Como vimos, a Bem-aventurança dos pobres em espírito orienta a nossa relação com Deus, com os bens materiais e com os pobres. À vista do exemplo e das palavras de Jesus, damo-nos conta da grande necessidade que temos de conversão, de fazer com que a lógica do ser maisprevaleça sobre a lógica do ter mais. Os Santos são quem mais nos pode ajudar a compreender o significado profundo das Bem-aventuranças. Neste sentido, a canonização de João Paulo II, no segundo domingo de Páscoa, é um acontecimento que enche o nosso coração de alegria. Ele será o grande patrono das Jornadas Mundiais da Juventude, de que foi o iniciador e impulsionador. E, na comunhão dos Santos, continuará a ser, para todos vós, um pai e um amigo.

No próximo mês de Abril, tem lugar também o trigésimo aniversário da entrega aos jovens da Cruz do Jubileu da Redenção. Foi precisamente a partir daquele acto simbólico de João Paulo II que principiou a grande peregrinação juvenil que, desde então, continua a atravessar os cinco continentes. Muitos recordam as palavras com que, no domingo de Páscoa do ano 1984, o Papa acompanhou o seu gesto: «Caríssimos jovens, no termo do Ano Santo, confio-vos o próprio sinal deste Ano Jubilar: a Cruz de Cristo! Levai-a ao mundo como sinal do amor do Senhor Jesus pela humanidade, e anunciai a todos que só em Cristo morto e ressuscitado há salvação e redenção».

Queridos jovens, o Magnificat, o cântico de Maria, pobre em espírito, é também o canto de quem vive as Bem-aventuranças.

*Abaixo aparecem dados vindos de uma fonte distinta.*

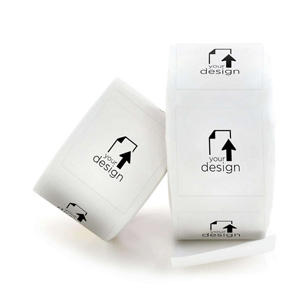 Your Design Roll Sticker 3"x3" Square (Round Corners) - White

A alegria do Evangelho brota dum coração pobre, que sabe exultar e maravilhar-se com as obras de Deus, como o coração da Virgem, que todas as gerações chamam «bem-aventurada» (cf. Lc 1, 48). Que Ela, a mãe dos pobres e a estrela da nova evangelização, nos ajude a viver o Evangelho, a encarnar as Bem-aventuranças na nossa vida, a ter a coragem da felicidade.

Vaticano, 21 de Janeiro – Memória de Santa Inês, virgem e mártir - de 2014.